Making for the Horn
This Sunday 4 February should have marked Charles Caudrelier’s passage around Cape Horn. However, that would not have taken into account the 48 hours at a standstill in the middle of the Pacific to allow a vast low-pressure system to roll through. The latter, anticipated to perfection by the trio who make up the routing cell for the Maxi Edmond de Rothschild, was quite simply blocking the way forward for the leader of the Arkea Ultim Challenge as it would have generated much too extreme sailing conditions. Since yesterday evening, the five-arrow giant has been able to get back out on the racetrack again, albeit at a very conservative pace, as the atmosphere reigning on the approach to the third cape of this round the world remains tempestuous.
Gunning for a Tuesday rounding

Four weeks of racing lay in the wake of the Arkea Ultim Challenge competitors and already over 19,000 miles have been covered by the Maxi Edmond de Rothschild. Though time has appeared to stand still since Thursday evening, the oceanic rhythm is gently picking up again aboard the Verdier design. That said, the instructions are clear: gently pick up the pace to preserve the boat in what are still heavy seas in the stormy conditions on the back of a low-pressure system. This evening, the Horn is some 1,100 miles in front.

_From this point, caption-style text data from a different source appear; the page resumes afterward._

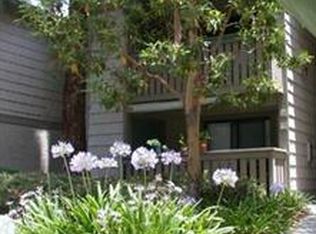 20702 El Toro Rd APT 76, Lake Forest, CA 92630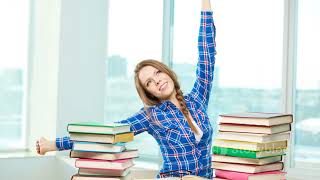 Ace Your CA Intermediate Exams: Top Study Tips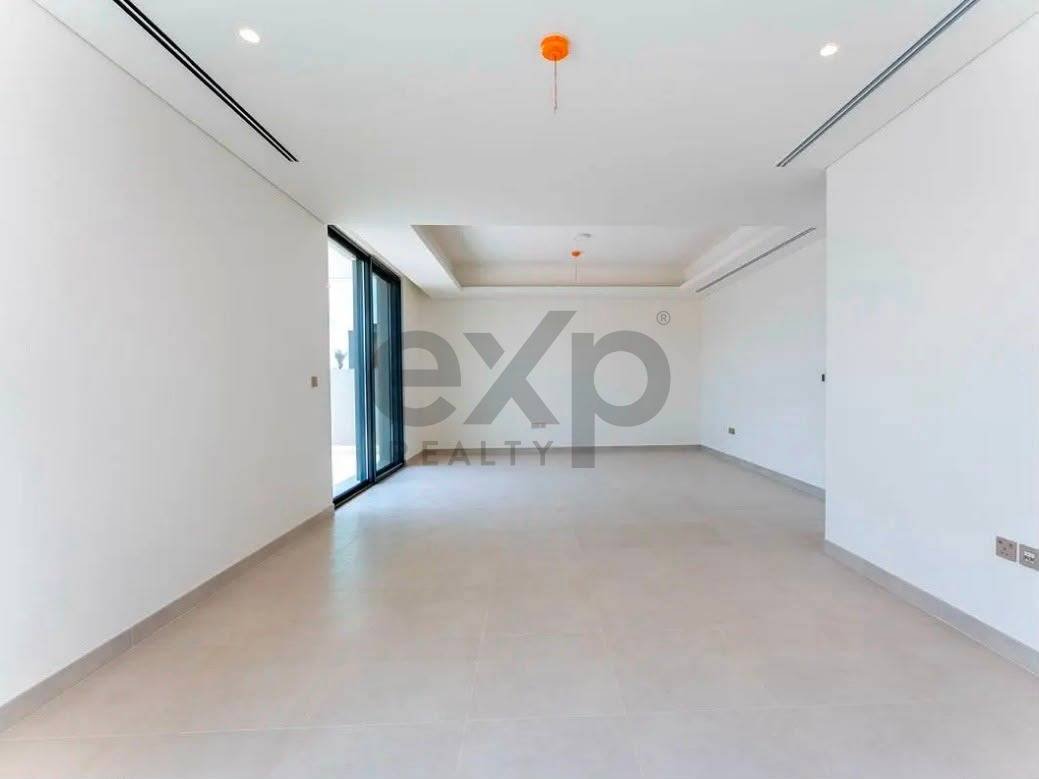 Villa in Wadi Al Safa 5, Wadi Al Safa, Dubai 3 - 18212867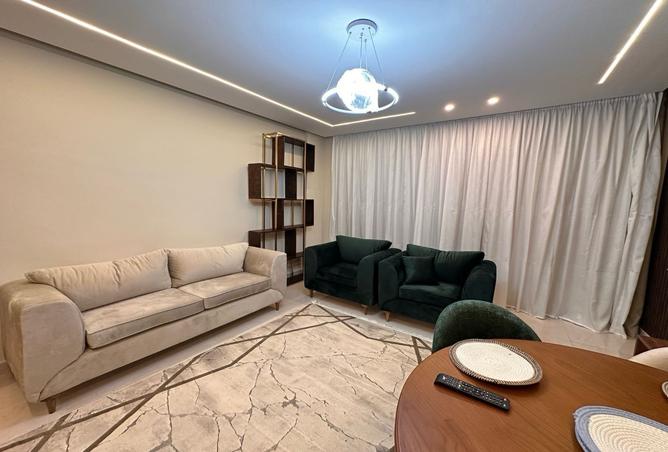 8559019 - Property Image 2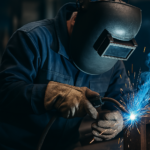 ChatGPT Image Apr 6, 2025, 05_46_11 PM - Win Win Steel Fabrication Works fabrikasi besi Klang Valley – Pembaikan & Welding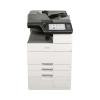 MFP MX910dxe / 4in1 / Laser / 45ppm / 1200x1200dpi / 1024MB / A3 / Drucken Scannen Kopieren Faxen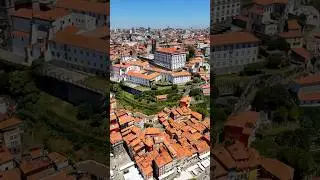 Exploring Porto 🇵🇹 #travel #visitportugal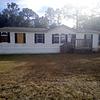 Mobile Home for Sale: 3 Bed 2 Bath 1998 Mobile Home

Despite this pause, Charles Caudrelier still boasts a sizeable lead: 2,774.2 miles ahead of Armel Le Cléac’h and 3,052.6 miles ahead of Thomas Coville. Given the conditions they’ve had to contend with and the trajectories forced upon them by the strong depressions sweeping across the south of New Zealand, their entry into the Pacific certainly won’t go down as their favourite memory from this adventure.

Charles Caudrelier, 4 February

“It was a bit of a long wait but ultimately, it’s very positive as I’ve been able to get some rest at night and I’m fighting fit before attacking the next phase. I also got the chance to carry out a thorough check of the entire boat and repair what were essentially minor injuries at this stage of the game. Above all, I’ve got the situation into perspective now that I see my little playmates behind. I have no regrets about the Horn! If you’ve never sailed in this area and you look at the weather forecast, you might well imagine that it would work out okay, but it’s a very special area. It is one of the most exposed places on the planet for sailing. On top of that, we’re in a race, and we manage the situation in relation to our rivals too. Had we continued, I could have rounded the Horn with a one-week lead over my rivals. I was fortunate enough to be able to play for time and ultimately it was the right decision. Not someone prone to contemplation, I must admit that I appreciated those 48 hours. The constant speed wears you out. I have a fine Pacific swell accompanying me, which is a good 6 metres right now.” 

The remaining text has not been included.